Work to complete =>
Repeat the listing exactly, line by line.
-------------------------
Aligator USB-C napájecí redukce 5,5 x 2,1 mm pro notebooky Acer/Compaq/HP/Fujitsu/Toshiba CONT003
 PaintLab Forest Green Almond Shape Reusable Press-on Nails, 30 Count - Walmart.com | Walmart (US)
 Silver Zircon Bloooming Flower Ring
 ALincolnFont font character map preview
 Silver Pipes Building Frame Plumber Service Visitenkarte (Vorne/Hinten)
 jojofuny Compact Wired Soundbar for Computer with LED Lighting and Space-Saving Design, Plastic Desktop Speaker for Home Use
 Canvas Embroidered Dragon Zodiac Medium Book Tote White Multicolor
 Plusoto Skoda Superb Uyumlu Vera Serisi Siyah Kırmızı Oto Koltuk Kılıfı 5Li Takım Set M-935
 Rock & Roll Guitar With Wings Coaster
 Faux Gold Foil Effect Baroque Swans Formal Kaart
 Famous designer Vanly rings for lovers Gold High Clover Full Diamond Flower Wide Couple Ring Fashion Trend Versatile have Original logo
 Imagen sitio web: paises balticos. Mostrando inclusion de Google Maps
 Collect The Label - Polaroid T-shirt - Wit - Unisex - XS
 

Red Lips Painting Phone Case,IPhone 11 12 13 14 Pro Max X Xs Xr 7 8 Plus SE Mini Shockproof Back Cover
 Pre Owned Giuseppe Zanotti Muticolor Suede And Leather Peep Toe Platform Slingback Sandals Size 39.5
-------------------------
Result for this exercise =>
Aligator USB-C napájecí redukce 5,5 x 2,1 mm pro notebooky Acer/Compaq/HP/Fujitsu/Toshiba CONT003
 PaintLab Forest Green Almond Shape Reusable Press-on Nails, 30 Count - Walmart.com | Walmart (US)
 Silver Zircon Bloooming Flower Ring
 ALincolnFont font character map preview
 Silver Pipes Building Frame Plumber Service Visitenkarte (Vorne/Hinten)
 jojofuny Compact Wired Soundbar for Computer with LED Lighting and Space-Saving Design, Plastic Desktop Speaker for Home Use
 Canvas Embroidered Dragon Zodiac Medium Book Tote White Multicolor
 Plusoto Skoda Superb Uyumlu Vera Serisi Siyah Kırmızı Oto Koltuk Kılıfı 5Li Takım Set M-935
 Rock & Roll Guitar With Wings Coaster
 Faux Gold Foil Effect Baroque Swans Formal Kaart
 Famous designer Vanly rings for lovers Gold High Clover Full Diamond Flower Wide Couple Ring Fashion Trend Versatile have Original logo
 Imagen sitio web: paises balticos. Mostrando inclusion de Google Maps
 Collect The Label - Polaroid T-shirt - Wit - Unisex - XS
 

Red Lips Painting Phone Case,IPhone 11 12 13 14 Pro Max X Xs Xr 7 8 Plus SE Mini Shockproof Back Cover
 Pre Owned Giuseppe Zanotti Muticolor Suede And Leather Peep Toe Platform Slingback Sandals Size 39.5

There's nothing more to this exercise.